(CN) – A group of Wal-Mart employees waited too long to sue over their alleged exposure to carbon monoxide gas in the freezer section of Wal-Mart’s distribution center in Kentucky, the 6th Circuit ruled.
The Cincinnati appeals court agreed with a federal judge that the plaintiffs — current and former Wal-Mart employees and their spouses — should have sued within a year of their last alleged exposure to the gas.
The plaintiffs blamed the exposure on two companies, Unarco Material Handling and Atlas Material Handing, which allegedly operated propane-powered welders inside the distribution center. Wal-Mart was not a party to the lawsuit.
Another group of employees had sued within Kentucky’s one-year statute of limitations and eventually settled their claims with Unarco and Atlas.
The distribution center employees who sued later, dubbed the “new plaintiffs” by the 6th Circuit, argued that the companies had been notified of their claims by the original plaintiffs’ timely lawsuit.
Judge Richard Griffin rejected this view as “myopic.”

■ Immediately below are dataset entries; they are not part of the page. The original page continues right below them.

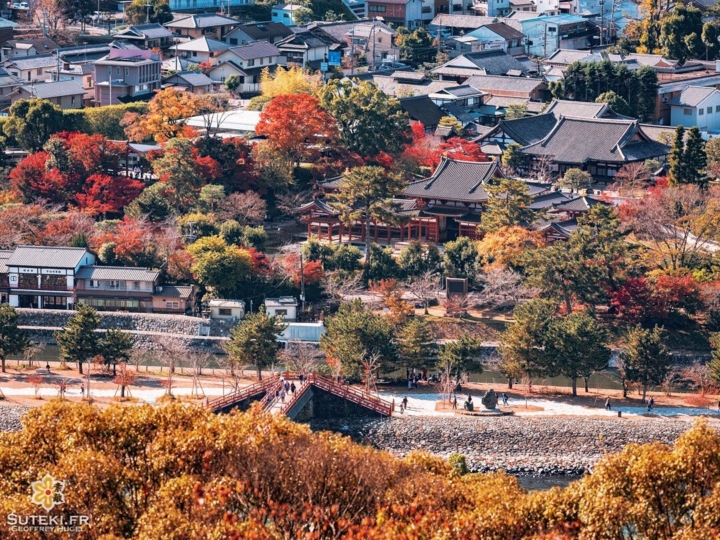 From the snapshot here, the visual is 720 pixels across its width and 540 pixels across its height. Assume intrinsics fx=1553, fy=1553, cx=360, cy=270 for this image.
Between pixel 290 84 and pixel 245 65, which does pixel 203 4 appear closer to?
pixel 245 65

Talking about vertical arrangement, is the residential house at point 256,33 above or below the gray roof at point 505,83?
above

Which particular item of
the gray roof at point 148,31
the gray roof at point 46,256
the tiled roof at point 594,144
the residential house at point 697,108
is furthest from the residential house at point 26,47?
the residential house at point 697,108

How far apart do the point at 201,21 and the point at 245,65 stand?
28.0 ft

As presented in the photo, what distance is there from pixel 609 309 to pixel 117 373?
46.4 feet

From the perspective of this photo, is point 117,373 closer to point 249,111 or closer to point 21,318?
point 21,318

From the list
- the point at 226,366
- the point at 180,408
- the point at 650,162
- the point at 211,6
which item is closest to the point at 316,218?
the point at 226,366

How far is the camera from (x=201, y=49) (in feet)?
235

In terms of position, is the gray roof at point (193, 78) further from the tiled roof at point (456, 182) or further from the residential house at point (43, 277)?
the residential house at point (43, 277)

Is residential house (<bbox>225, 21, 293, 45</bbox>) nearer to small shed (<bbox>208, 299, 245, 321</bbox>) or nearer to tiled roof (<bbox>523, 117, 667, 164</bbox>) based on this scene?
tiled roof (<bbox>523, 117, 667, 164</bbox>)

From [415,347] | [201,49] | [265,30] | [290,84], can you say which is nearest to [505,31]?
[265,30]

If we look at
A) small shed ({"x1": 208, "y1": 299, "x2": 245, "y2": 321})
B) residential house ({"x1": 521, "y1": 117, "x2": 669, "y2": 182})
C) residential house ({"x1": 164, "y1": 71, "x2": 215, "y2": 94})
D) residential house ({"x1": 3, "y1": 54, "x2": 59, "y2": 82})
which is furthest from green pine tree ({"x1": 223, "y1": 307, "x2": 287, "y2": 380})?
residential house ({"x1": 3, "y1": 54, "x2": 59, "y2": 82})

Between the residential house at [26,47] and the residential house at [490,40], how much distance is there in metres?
20.3

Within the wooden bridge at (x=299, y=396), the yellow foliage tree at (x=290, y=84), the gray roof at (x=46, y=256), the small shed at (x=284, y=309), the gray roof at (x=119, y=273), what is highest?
the yellow foliage tree at (x=290, y=84)

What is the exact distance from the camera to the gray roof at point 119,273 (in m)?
45.4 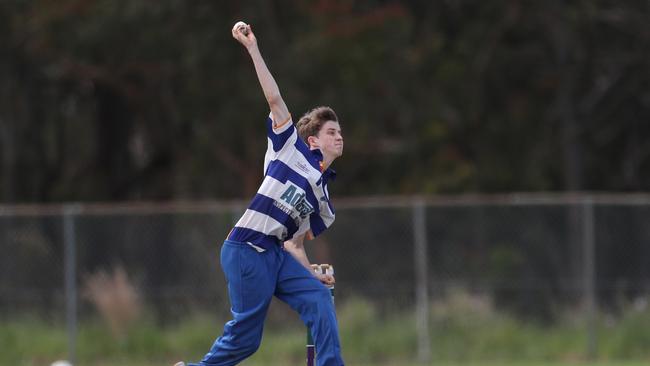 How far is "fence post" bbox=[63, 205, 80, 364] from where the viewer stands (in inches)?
603

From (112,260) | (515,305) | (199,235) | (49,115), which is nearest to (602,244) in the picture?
(515,305)

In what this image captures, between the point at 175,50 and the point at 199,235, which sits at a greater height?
the point at 175,50

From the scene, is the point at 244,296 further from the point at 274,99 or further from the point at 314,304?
the point at 274,99

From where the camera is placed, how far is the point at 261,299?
26.3ft

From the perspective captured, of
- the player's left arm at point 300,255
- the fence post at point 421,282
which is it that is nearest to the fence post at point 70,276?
the fence post at point 421,282

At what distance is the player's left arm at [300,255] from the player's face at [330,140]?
0.58 meters

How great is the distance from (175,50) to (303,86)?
222 cm

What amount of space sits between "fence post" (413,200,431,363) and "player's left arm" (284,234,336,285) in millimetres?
6840

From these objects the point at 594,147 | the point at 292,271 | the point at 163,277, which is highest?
the point at 594,147

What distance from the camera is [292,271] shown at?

He also tossed the plaintiffs’ “half-hearted argument” that their injuries from the carbon monoxide exposure were latent, and thus weren’t known right away.
“[T]he new plaintiffs concede that their injuries from carbon monoxide exposure, like those of the timely plaintiffs, manifested immediately,” Griffin wrote.
The three-judge panel concluded that the lawsuit was properly dismissed as time-barred.